Maclehose Press £20

Trieste, By Dasa Drndic (trs Ellen Elias-Bursac)

Tiny details that tell an immense story

Haya Tedeschi, a retired maths teacher, sits in her rocking chair, a red basket at her feet.

The scraps it contains – letters, photographs, cuttings – tell her story and the story of her time, eight turbulent decades in the heart of Europe, a place that shimmers with history.

Haya was born in Gorizia (also variously Görz, Gorica, Gurize), though her family also spend time in Venice, Albania, Naples, Milan and Trieste. All around, wars are fought, borders and territories contested. Her own little story never holds the focus for long, budding and sprouting into others – here a sketch of Francesco Illy, there the horrors of San Sabba and Treblinka, gas chambers and euthanasia programmes, or the life of a dissenting Italian mathematician.

Each part is fleeting. We rarely linger long enough to experience a moment or to savour it, but with this lack of depth comes the simultaneous impression of a vast, sometimes overwhelming richness.

At one point the narrative is interrupted – "Behind every name there is a story" – for a full list of the 9,000 Jews deported from Italy or killed there. All 159 Alhadeffs; 71 Anticolis: Abramo, Adelaide, Adolfo, Alberto, Alfredo. Haya's kin are here: 44 Tedeschis. I notice that among the crowd of names nestle a couple of Hahns. Behind each name lies another potential life-story, another Haya.

Drndic's fictional world is vast, but also stifling.
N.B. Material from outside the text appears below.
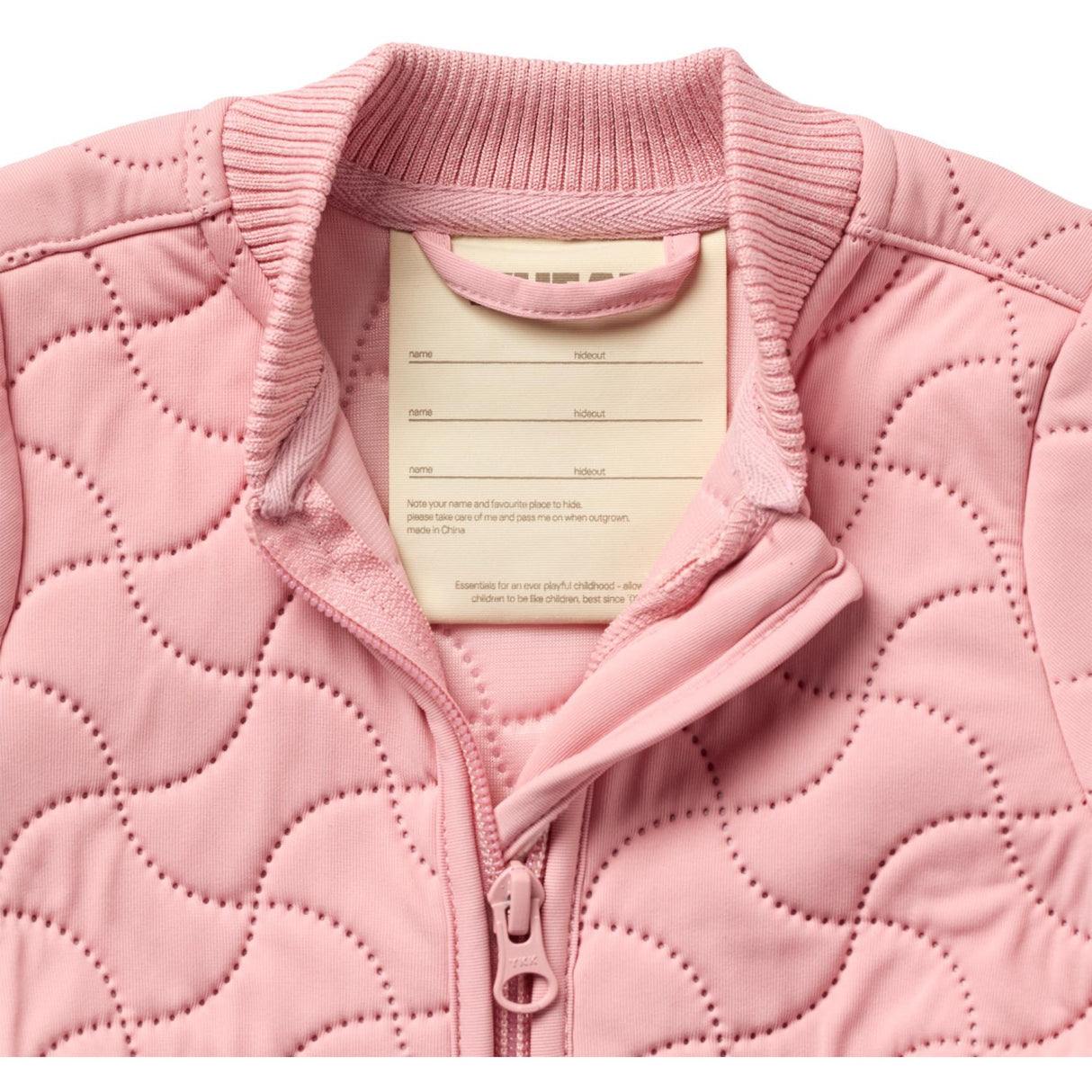 Wheat Rose Thermo Jacket Loui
There is the brutal solidity of the present, and there is the swirling fluid mess of memory and time, "melting in her mind like chocolate". (There are occasional moments of prose here, from writer and translator, beautiful enough to make you want to read them aloud.)
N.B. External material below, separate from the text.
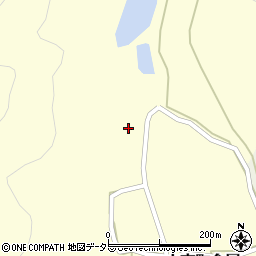 兵庫県丹波市山南町金屋214-2周辺の地図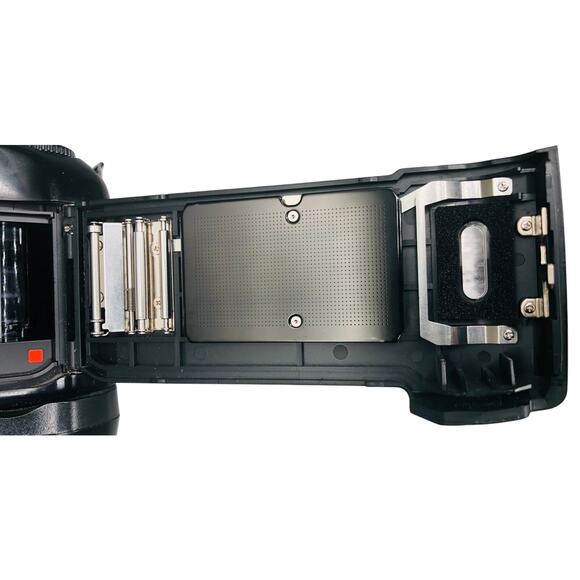 Nikon N90s Film Camera Body 35mm with MB-10 Grip Tested and Working grip sticky - Picture 5 of 5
Haya's life-story flounders in the sea of other stories, voices, lives: the big picture filled out with transcripts of Nuremberg cross-examinations; photos and footnotes; long sequences of potted biographies of SS guards; maps, poems, song lyrics (rarely in English), the music for snatches of tunes. It is a jumble, frequently hard to digest and often difficult to engage with as endless fragments flit by. And yet they accumulate, these fragments; they begin to add up to something remarkable, too. In this documentary fiction, the private and public happen at once, large and small scale, imagined with just the same biographical precision. Haya sits dazzled in the cinema, lost in the unbelievable glamour on the screen; meanwhile, neighbours are disappearing.
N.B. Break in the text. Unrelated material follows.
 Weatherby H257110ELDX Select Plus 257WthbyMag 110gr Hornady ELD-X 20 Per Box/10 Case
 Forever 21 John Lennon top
Trieste is aching with vivid absences, losses, disappearances. By the time our focus falls on Haya's search for her long-missing son in the book's final act, and we hear "Hans" speak, this one story is freighted with all the pain and detail of its myriad predecessors. It's a worthy pay-off. The picture Trieste offers is cumulative – so is its effect. For a reader with a taste for tidy narrative, its wilfulness can be maddening, and yet the multifarious elements that comprise Haya's story and its grand context are an incredibly dense and potent mixture, too.